UNITED KINGDOM

Investigating interdisciplinary research

Academics at Britain’s University of Birmingham are working with international scientific publisher Elsevier to investigate the “discourse of interdisciplinary research”, known as IDR, through a comprehensive and innovative linguistic analysis of the full content since 1990 of a successful IDR journal, Global Environmental Change.

According to Birmingham’s Dr Paul Thompson and Professor Susan Hunston, who are conducting the study, this will be complemented by linguistic analyses of samplings of five other IDR journals and five discipline-specific journals, and by surveys of and interviews with editors, reviewers and researchers.

“It is generally accepted now that many real-world problems are best addressed by a number of disciplines working together rather than by individual disciplines alone.

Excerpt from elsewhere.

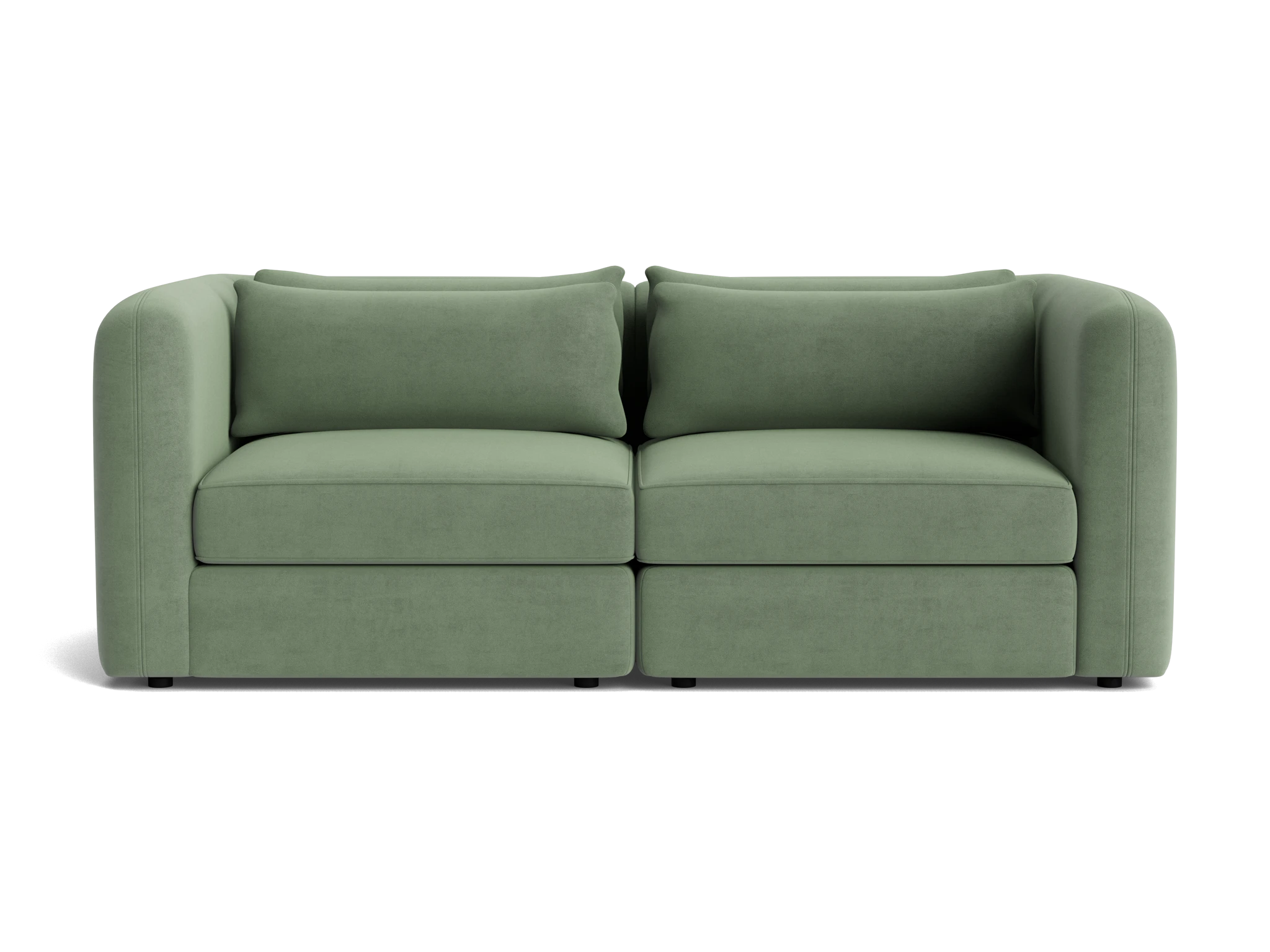 sebastian modular loveseat royale sage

In the UK, research councils promote interdisciplinary research activity, and universities in turn encourage academics to collaborate with colleagues in other disciplines,” Thompson said.

“It is not always easy, however, for researchers in different areas to cooperate, because each discipline has methods of working, expectations, value systems and ways of talking and writing that are special to that discipline and not easily shared.

“We believe it is important for institutions, research councils and researchers to have a fuller understanding of what the distinctive features of discourse practices in interdisciplinary research are and of how they differ from discourse practices in conventional disciplines.”

The investigation

The two academics said that as a first step they would investigate the discourse of a successful journal in an interdisciplinary field, Global Environmental Change, studying the extent to which this field operated as a unified whole, the extent to which journal authors in the field broadened their messages to a multidisciplinary audience, and the extent to which each discipline in the field maintained a discrete identity.

“We will include in our study every article published in the journal since its inception in 1990. The primary methodology we use is Corpus Linguistics, that is, using specialised software to analyse large quantities of written text.

“Many studies of individual disciplines, using corpus techniques, already exist, but these techniques have not yet been applied to an interdisciplinary field.

“We will use an approach to the description of the linguistic features of texts that will make it possible for us to cluster texts according to degrees of correlation in their linguistic profiles; this approach, developed by Douglas Biber, is called 'multidimensional analysis'. In addition, we will investigate the recurrent phraseologies of texts in this field and then cluster texts with similar phraseological profiles.”

The two researchers said they would then examine the results of the investigation of the discourse of interdisciplinary research in the journal by comparing it to samples of texts taken from other journals: five representing other interdisciplinary fields and five representing specific disciplines.

This would enable them to determine whether IDR was distinct in its features, and also to see how much variation in discourse practices there might be between interdisciplinary fields and within disciplines.

They noted that research was increasingly bringing together scientists from different fields, and the investigation aimed to analyse how this development was reflected in the language used in scholarly articles and how trends in the discourse used could support research policy development.

The project was launched on 30 August and will run for two years under the direction of Thompson, director of Birmingham’s centre for corpus research.

Elsevier said it would provide free access to the journals’ content allowing for full text mining of the papers published and would also provide analytical support and help in contacting journal editors, reviewers, and authors for additional qualitative surveys and interviews.